For her own amusement, Wilson began analyzing the writings of various dramatists, from the classics to the modern French and English schools, studying plot, style, treatment, and dramatic situation. Later, she tried paraphrasing and rearranging, and finally drifted into original production. Her own work was of three kinds: home talent entertainments, including original drills, tableaux, and pantomimes; plays and farces; and costume monologues for platform and stage, which was her specialty. Wilson's work was distinguished for its dramatic conception, its vividness, originality and unaffectedness. While artistic, it was written with vigor and directness. Most of it had the test of public presentation, either in home talent entertainments under her own supervision for the purpose of studying effects and gaining experiences in stage management, or in her own programs.

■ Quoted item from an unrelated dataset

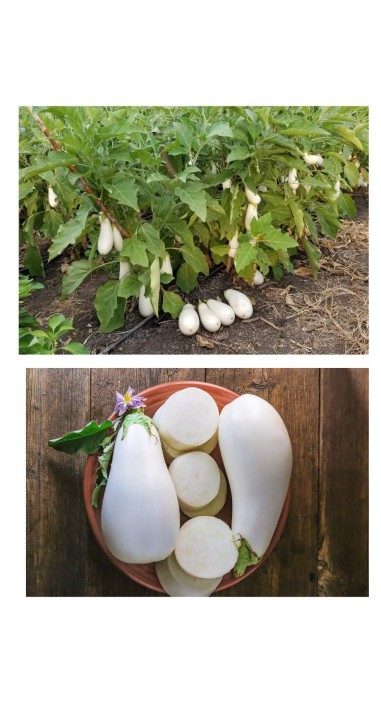 Баклажан Юкі F1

Wilson's experiences and painstaking study fitted her for the role of dramatic critic as well as writer. She wrote for many popular magazines and papers under different pseudonyms, and many publishers offered to handle her dramatic work.

===Manuscripts===
Wilson's manuscripts included monologues, sketches, drills and plays. In the 1894 season, she leased her various manuscripts to readers, actors, societies, and companies. For several years, Wilson successfully superintended in person the leasing of her manuscripts, her leasing plan fitting a special demand for those seeking something new. By keeping a sketch in manuscript form and leasing it at a price higher than the printed sketch and yet at a price not beyond the means of the average teacher or entertainer, kept it from being over-used. Entertainers preferred to "lease by the season," or have sketches written specially for them. Teachers and students favored the plan of leasing five or six different manuscripts for a single performance making a full evening's program. The manuscripts were open to examination before leasing on the payment of a examination fee which was deducted from the regular leasing fee in case the manuscript was accepted. The list of manuscripts included the dramatic, pathetic, comedy, farce, pantomime, and the spectacular. Wilson oversaw all correspondence and was ready to offer suggestions or aid in selecting a sketch suited to someone's special purpose.

==Personal life==
On November 8, 1899, she married Herbert Francis Allen (1864–1951). They were Congregationalists in religious faith, and assisted in the work of the various organizations of the local church of that denomination.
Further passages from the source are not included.